Hans Vestberg, Verizon’s CEO, did a rockstar, black t-shirt keynote at CES in Las Vegas yesterday. Vestberg took over the top spot at Verizon last year. As he often did in his former job as head of Ericsson, Vestberg offered a clear and credible explanation of what 5G networks and technology – particularly, Verizon’s – will deliver.
According to Vestberg, the eight “currencies”, or defining characteristics, of 5G are…
- Peak data rate of 10 gigabits per second. This is what the technology can deliver, the question will be whether the infrastructure and resources are deployed to support it in any given location.
- Mobile “data volume”, aka network capacity, of 10 terabits per second per square kilometer.
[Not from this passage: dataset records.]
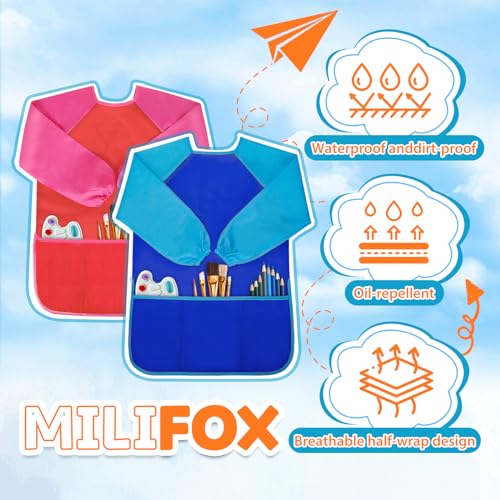 Milifox 2 Pack Kids Art Smock, Toddler Painting Smock,Waterproof Long Sleeve Kids Art Apron with 3 Pockets for Children - Image 4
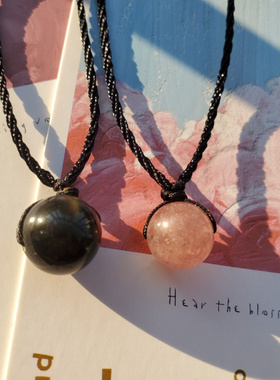 天然黑曜石草莓晶锁骨链情侣项链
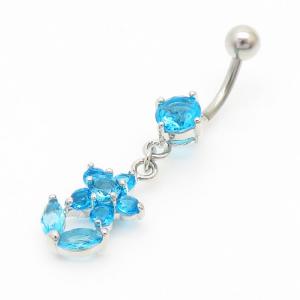 Stainless Steel Diamond  Belly Button Ring Blue - KNB027-TLS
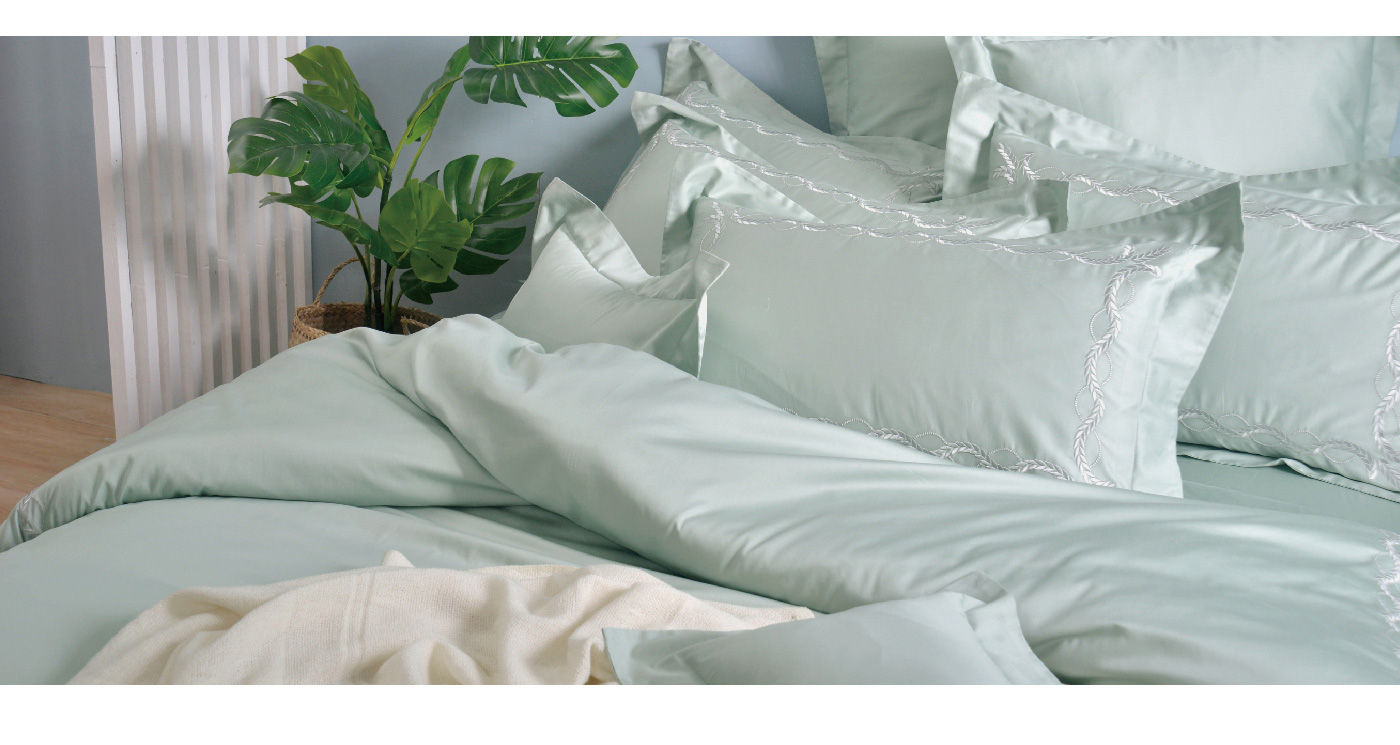 La Belle 雙人特大300織純棉刺繡被套床包4件組 藤蔓款 蒑草綠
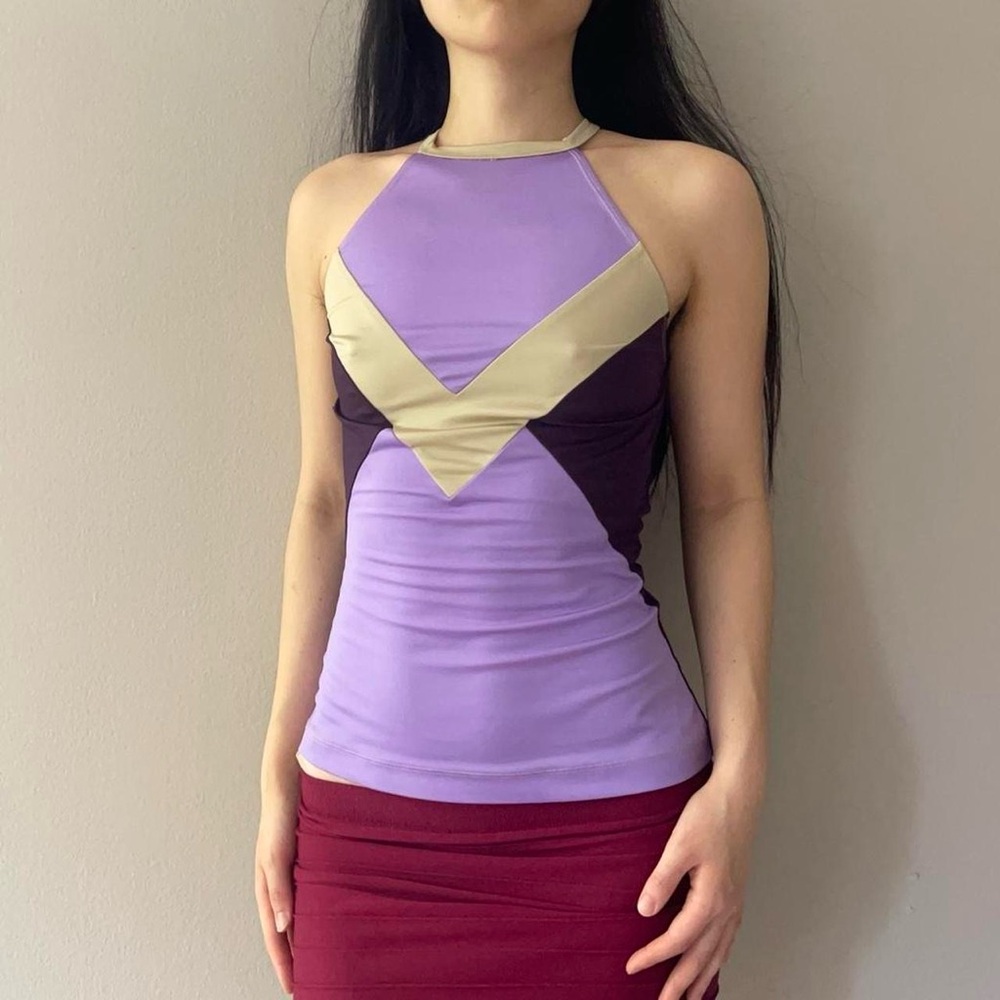 very rare plein sud metallic-y purple and gold halter top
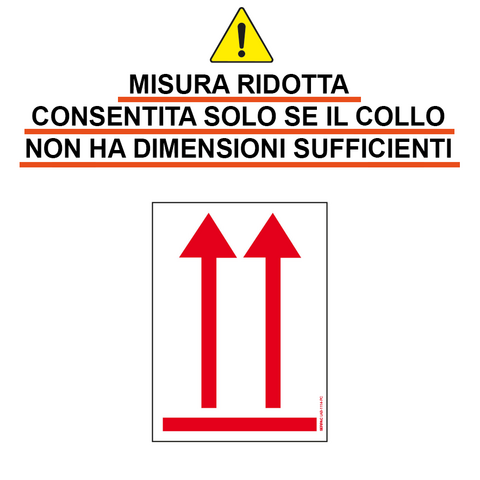 Etikett Versandstückorientierungskennzeichen muss an Kombinationsverpackungen oder Umverpackungen angebracht werden, wenn sie flüssige, gefährliche Güter enthalten und ist auf zwei gegenüberliegenden Seiten des Versandstückes anzukleben.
Again, depends on whether a given network is fully built out and provisioned.
- Mobility. Users can connect while travelling at 500 kilometers per hour. That’s roughly 300 miles per hour and good enough for high speed trains. Not quite airliner speeds, though.
- One million connected devices per square kilometer. That’s versus a similarly theoretical maximum of 100,000 connected devices per square kilometer for 4G networks.
- End to end latency of 5 milliseconds. That’s at least ten times faster than what 4G networks deliver. The plain meaning of the words implies a roundtrip (end to end to end) latency of 10 milliseconds, which was also a spec Vestberg mentioned on stage.
- Reliability of 99.999%. It’s the traditional and often attained “five nines” goal of copper phone networks.
- Service deployment of 90 minutes. To logically configure a bespoke network, that is. One of the touted benefits of 5G technology is “network slicing”, the ability to easily create subnetworks for specialised uses such as, say, for first responders or internal organisational networks.
- Energy efficiency of 10% of current consumption. It’s not clear if Vestberg means that individual 5G small sites will use 10% of the energy that a 4G macro site uses, which is credible, or if he’s talking about the entire network, which would be difficult to take on faith.
Verizon will only be able to hit these benchmarks, assuming it can, where 5G infrastructure is fully deployed. That means deploying a lot of small cell sites and stringing a lot of fiber to connect them.